Victoria hat’s dagegen nicht so mit der Kunst, zumindest nicht mit dem eigenen Kunst-Rasen. 0:0 gegen Meiendorf in der Hinrunde, nun das 1:1 gegen Norderstedt – auf diesem Terrain scheint Vickys Aufholjagd noch nicht so recht in die Gänge zu kommen. Norderstedt zeigte sich von Victorias Vorsprung durch das Freistoßtor von Benny Hoose jedenfalls ebenso wenig beeindruckt wie leicht zeitversetzt der HSV in Mönchengladbach.
Was lernen wir also? Rückstände sind Rückschläge, von denen wir uns nicht unterkriegen lassen sollten. Die Lehre von George und Harry beherzigte auch Curslack-Neuengammes Marco Theetz, der wegen seiner Statur von einem ungenannt bleiben wollenden Amateurfußball-Experten mit Boxweltmeister Alexander Povetkin verglichen wurde.

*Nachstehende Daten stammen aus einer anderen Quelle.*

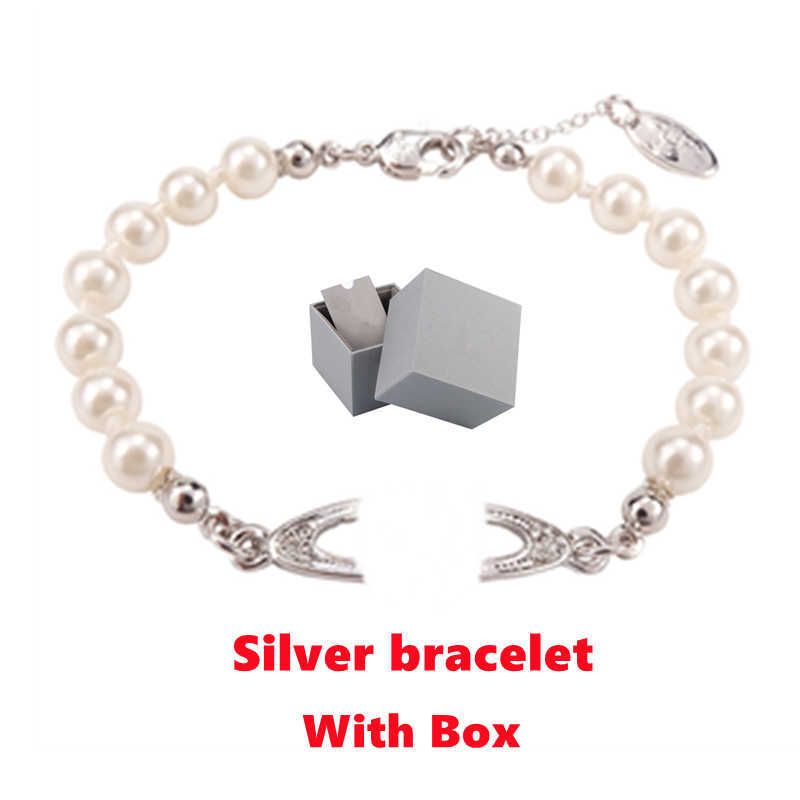 Silver Bracelet+Box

Beim 2:1 nach 0:1 gegen Germania Schnelsen schoss Theetz nicht nur den Ausgleich, sondern erreichte auch noch, dass Mustafa Günaydin nach einer Auseinandersetzung mit ihm vom Platz gestellt wurde.
Fand nicht jeder toll (vor allem die Schnelsener nicht so), aber Povetkin ist ja auch nicht unumstritten. Sonst hieße er, so viel haben wir gelernt, ja nicht Weltmeister, sondern Superweltmeister, wie die Boxverbände inzwischen einen Kämpfer nennen, der so erfolgreich ist, dass es sie langweilt. Friedrich Nietzsche schlägt zwar in seinem Grab um sich, aber die Deckung der Klitschkos steht. Und im Hamburger Amateurfußball lassen wir den Supermeisterschafts-Gürtel einstweilen von den Bergedorfer Elstern abholen, die erstaunliche Mutationsfähigkeiten an den Tag legten.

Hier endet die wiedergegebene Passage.